ACZ is concerned that the selling of these high potent spirits has become wide spread across the country and contributing to the high consumption of alcohol among young people, yet like any other alcoholic beverages, these high potent spirits are supposed to be sold from registered and regulated outlets in accordance with the Liquor Licensing Act Cap 17 of the Laws of Zambia.
Currently the Liquor Licensing Act is being flouted with impunity across the country and the selling of alcohol in the street is now being seen as normal and acceptable. This is detrimental to public health policy and the welfare of many young people and adults in the country taking advantage of the easy availability and access to buying these alcoholic beverages.
Current measures where council officers acting under the Liquor Licensing Act occasionally make swoops on street vendors and Kachasu brewers are unsustainable as they care often a one-off event conducted overtime and covering a limited geographical area.
To make matters worse, most councils and municipalities do not even have the requisite manpower to enforce such measures as a means to curtail illegal alcohol sales.
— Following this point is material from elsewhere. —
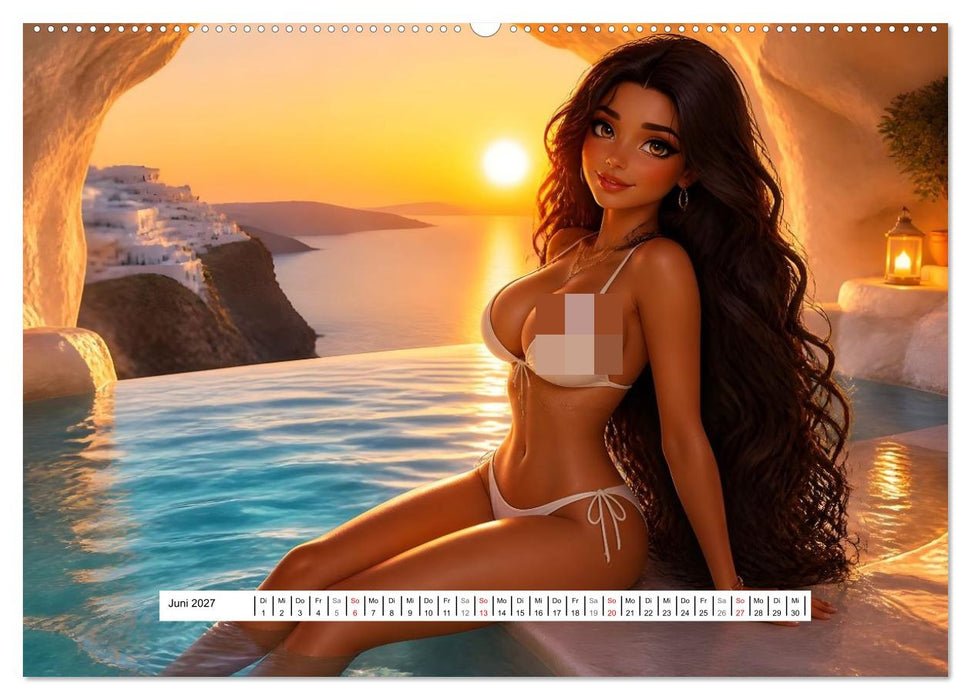 Valentina - Dort schlafen, wovon andere nur träumen (CALVENDO Wandkalender 2027)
Adding to this concern is the proliferation of many different brands of high potent alcoholic beverages being sold on the market resulting in alcohol abuse becoming common place among the youth.
Alcohol abuse may lead many youth and young adults becoming alcohol dependent and exposed to mental health disorders including taking to alcohol induced aggressiveness and violence, criminal tendencies, self-harm and sometimes suicidal thoughts and attempts. Heavy drinking from an early age is also impacting young people’s ability to make rational decisions. Many well-endowed and talented young people have dropped out or abandoning their education or employment because of the impact of alcohol on their mental health.
The issue of alcohol abuse has left many parents and family members traumatized on seeing their children’s potential and prospects decapitate in front of their eyes while many marriages have broken up leaving children destitute.
The youth are particularly vulnerable to alcohol abuse and if this trend is left unchecked it has the potential to negatively impact on the country’s economic transformation agenda as the human resource (youths) to drive development would have been destroyed by alcohol abuse.